La primera vez que lo tuve cerca y me pude dirigir a él fue el 26 de marzo de 1989 cuando salía de votar el Parlamento democrático surgido de una tímida reforma constitucional que se le acabaría escapando de las manos. Unos cuantos periodistas pedíamos declaraciones y la mujer del líder, Raísa Gorbachova, hizo retirar las vallas y con una amabilidad poco habitual en el establishment de Moscú hizo que nos acercáramos todos. Alrededor de Gorbachov la vida parecía fluir y dar forma a una promesa democrática que en realidad era un espejismo. Era como si aquel apparátchik providencial que había aceptado la misión de reformar un sistema irreformable fuera la reencarnación de una alma menchevique o socialdemócrata dispuesta a redimir el país y la sociedad de todas las miserias y engaños de siete décadas.
Un mes antes de caer el muro de Berlín le había espetado a Erich Honecker: “Quienes lleguen tarde serán castigados por la vida”. Siempre evocando la vida. La realidad de Mijaíl Gorbachov era la de un hombre voluntarioso y honesto que al no poder modernizar el sistema se vio arrastrado a liquidarlo. Incluso contra su propia voluntad, y como resultado de la escalada de improvisaciones -que tanto irritaba a periodistas y analistas- pero que era la única manera de moverse en medio de un régimen perverso donde ya no se distinguía la línea que separaba la burocracia de la delincuencia: “El partido es como un perro rabioso”, llegaría a decir.

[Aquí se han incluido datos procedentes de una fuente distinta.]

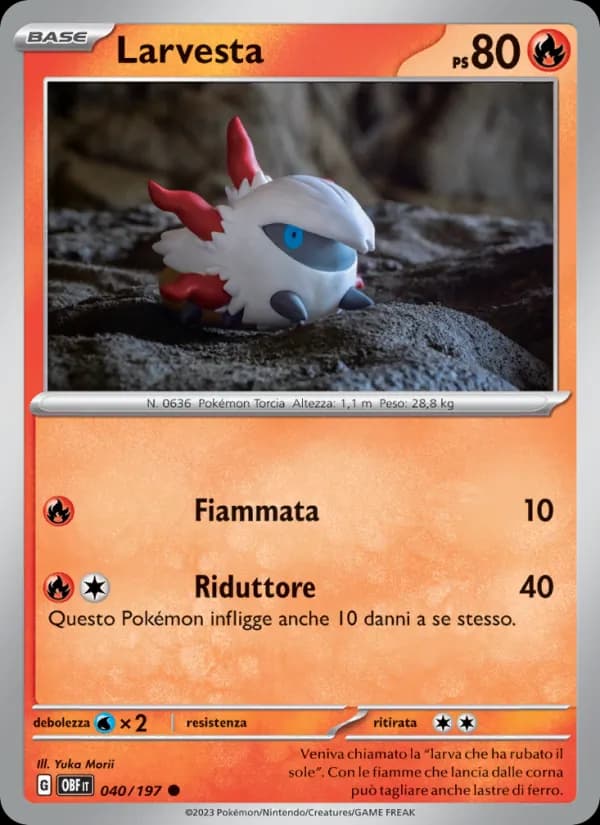 Larvesta card in Italian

La última vez que hablé con él fue el 26 de marzo del 2000, el mismo día que Vladímir Putin fue elegido presidente por primera vez. No le gustaba Putin, presentía turbulencias, pero a la vez entendía que la gente lo hubiera votado: Rusia había sido demasiado humillada. Le recordé que aquel mismo día, once años atrás, la URSS había votado el primer Parlamento democrático. Y como su esposa Raísa hizo retirar las vallas para que los periodistas nos acercáramos. Raísa hacía poco que había muerto, y oír su nombre lo emocionó. Y una vez más, Mijaíl Serguéyevich Gorbachov se refirió a la libertad y a la vida, sus temas preferidos. Aquello que nos ha dejado de herencia.